В результате речи Галена и распространения тысяч ее копий нацисты столкнулись с нарастающим общественным недовольством. Они уже имели опыт волнений в католических районах Германии после введения в начале 1941 года ограничительных мер — таких как запрет монашкам преподавать в образовательных учреждениях. Особенное возмущение вызвал запрет символа распятия в школах.
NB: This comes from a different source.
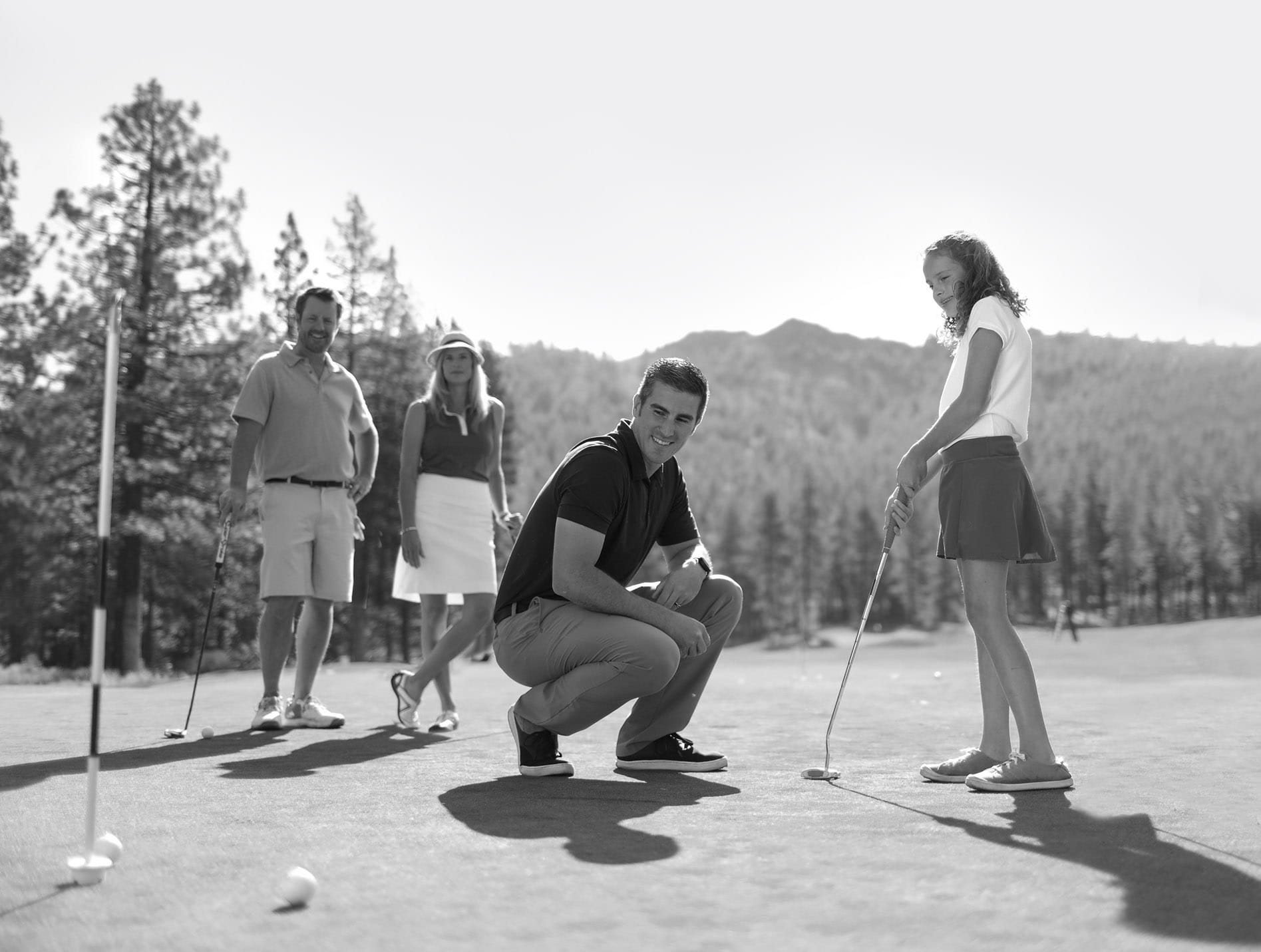Golf Practice Facilities Clear Creek Tahoe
Результатом этого стали многочисленные петиции и даже уличные демонстрации. Важно отметить, что участники многих протестов заявляли, что они полностью поддерживают Гитлера, но протестуют против его подчиненных, которые, по их мнению, занимаются произволом, пользуясь тем, что внимание фюрера занято войной. «На вас надеты коричневые рубашки, писал один из протестующих о функционерах НСДАП, но в душе вы — большевики и евреи. Иначе вы бы не действовали за спиной у фюрера. Наш фюрер никогда бы не отдал подобных приказов. Каждый день он думает о наших солдатах на полях битвы, а не о том, чтобы убирать распятия из школ…»‹47› В письме же Марии Айгнер, жительницы деревни к югу от Мюнхена, говорилось: «Я — мать восьми детей. Фюрер наградил меня орденом Золотого материнского креста. Мне совершенно непонятно, почему мой младший ребенок, который в понедельник в первый раз в жизни пошел в школу, не может увидеть там распятия, если все семь его братьев и сестер выросли под его сенью. Двое из пяти моих сыновей уже служат в армии, и наличие распятий в школе никак не повредило им. Наоборот, они научились самопожертвованию благодаря ему. Я никак не могу понять, почему фюрер, так заботящийся о наших солдатах, сражающихся против большевизма на Восточном фронте, может допускать подобные вещи»‹48›.
Мы видим, с какой ловкостью Гитлер пользовался распространенным среди простых немцев мнением, что корень всех проблем кроется в произволе со стороны чиновников НСДАП, и что «если бы фюрер только узнал», то все бы немедленно наладилось. И в свете этого становится тем более понятно, почему он старался дистанцироваться от мер, реализации которых так желал: ведь если бы он открыто поддержал запрет распятий в школах и эвтаназию, то многие из его сторонников — в особенности миллионы христиан — разочаровались бы в нем.
Поэтому, несмотря на свое отвращение к христианству, Гитлер распорядился снять пресловутый запрет. Более того, он не только не отправил епископа Галена в концлагерь за публичное несогласие с его политикой эвтаназии, но и распорядился приостановить перемещение нетрудоспособных граждан в центры уничтожения. За время действия программы эвтаназии в этих центрах было убито более 90 000 человек. Однако полностью убийства не прекращались никогда. Программа уничтожения больных узников концлагерей в рамках процедуры 14 f13 продолжала свое существование, и некоторые психиатрические лечебницы продолжали убивать пациентов непосредственно на месте. Но скрывать их нацистам было гораздо легче, чем факт перевозки пациентов в центры уничтожения.
Эти события показали, что у церкви все еще сохраняются рычаги для организации народного протеста. Сам Гитлер сказал в одной из неофициальных бесед той осенью, что предпочтет дождаться «медленной смерти» христианства, чем вызывать огонь общественного недовольства. «Важнее всего, — говорил он, — проявить благоразумие и не ввязываться в битву там, где ее можно избежать»‹49›.